Irish-U.S. family law explained
If the left-behind parent’s Hague application fails, he or she faces the prospect of custody proceedings in Ireland, most probably governed by Irish family law.
Few Irish Americans could remain unaware of the fundamental changes that have taken place in Irish family law over the past 10 to 15 years. The 1995 Peoples’ Referendum lifted the constitutional ban on divorce. The resulting Family Law (Divorce) Act came into effect in 1997.
Unlike New York, the divorce system in Ireland is a “no-fault” process. In New York, a spouse must allege "fault" (such as adultery or cruelty), on the part of his or her spouse as a prerequisite for obtaining a judgment of divorce. The sole exception to this is the so-called "conversion divorce” where the husband and wife have lived separate and apart pursuant to a written separation agreement or decree for a period of at least one year.
However, the Irish Legislature did not make divorce a swift option. All applicants for divorce in Ireland must prove that the spouses have lived apart for at least four out of the five years prior to the application. The judge must also be satisfied that there is no reasonable prospect of reconciliation.

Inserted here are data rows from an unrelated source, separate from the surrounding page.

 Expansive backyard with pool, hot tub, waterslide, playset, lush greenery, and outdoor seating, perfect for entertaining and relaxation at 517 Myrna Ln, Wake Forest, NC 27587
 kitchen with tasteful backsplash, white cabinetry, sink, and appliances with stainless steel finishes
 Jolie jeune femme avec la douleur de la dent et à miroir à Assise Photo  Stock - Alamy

The law relating to property distribution and maintenance (also known as alimony) is fairly similar to the laws of New York, with a notable exception. Although in New York, there has to be allegations of marital fault (except for the conversion divorce), in order to be entitled to a divorce, the courts cannot take marital misconduct into account in determining the financial provisions unless the conduct rises to a highly egregious level, such as attempted murder.

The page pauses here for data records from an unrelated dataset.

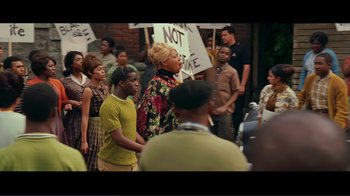 Movie still from “Hairspray” (2007), directed by Adam Shankman – A group of people standing in front of a brick wall; Medium shot, High angle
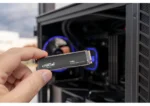 Hand inserting a Crucial T705 NVMe M.2 SSD into a desktop PC motherboard, blue-lit components visible inside the case. | Ahoundjuè Technologies Hand inserting a Crucial T705 NVMe M.2 SSD into a desktop PC motherboard, blue-lit components visible inside the case.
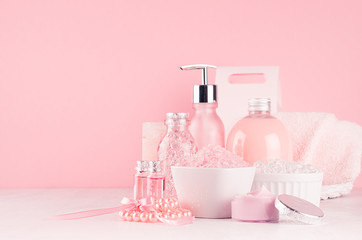 Obraz na płótnie Canvas Elegant pink skin and body care products - cream, rose oil, liquid soap, salt, cotton towel and box - cosmetic accessories on white wood table, copy space.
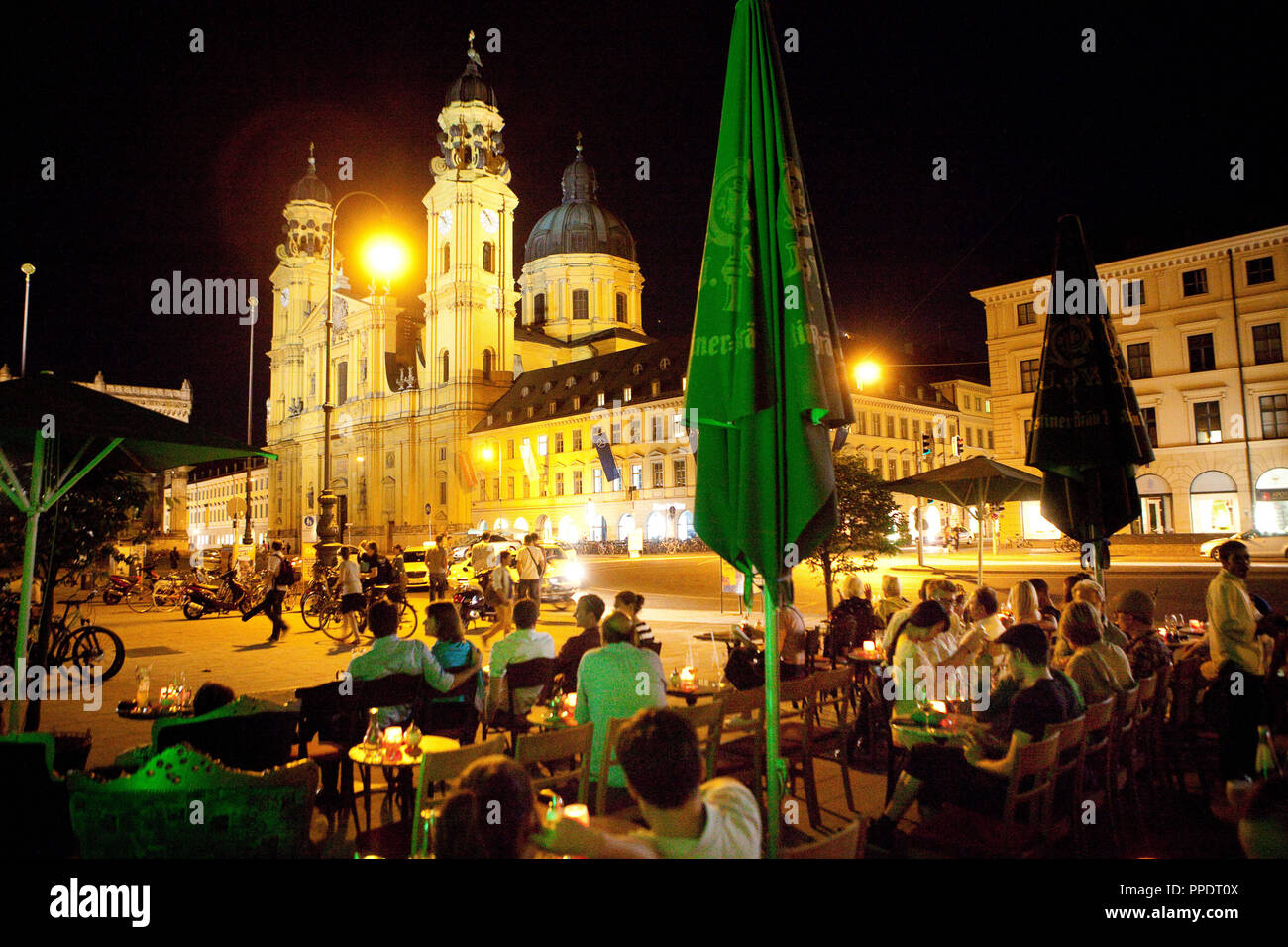 Guests sit on the terrace of Cafe Tambosi on Odeonsplatz on a warm summer evening. In the background, the illuminated Theatinerkirche (Theatine Church). Stock Photo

The Irish judiciary, however, may pass moral judgment because they are specifically empowered to take fault into account in deciding who gets what.
Child custody in New York involves physical and legal custody, and such determinations are made on the basis of the “best interests of the child.”
In Ireland, all married parents are automatically legal custodians of their children (known as guardianship), and this cannot be taken away as a result of separation or divorce.
Physical custodial decisions in Ireland are determined on the basis of the “best welfare of the child.” Unlike New York, this is specifically defined under Irish law to include the child’s best religious and moral welfare.
Divorce legislation was first enacted in New York in 1787. More than 200 years would go by before it took root in Ireland.
Last year, about 5,000 people applied for a decree of divorce in Ireland, but the divorce rates in Ireland remain the lowest in Europe.
Both the New York and Irish systems have room for reform, but each is moving towards greater promotion of mediation and collaborative divorce processes, to give people the option of trying to keep responsibility for family decisions in their own hands.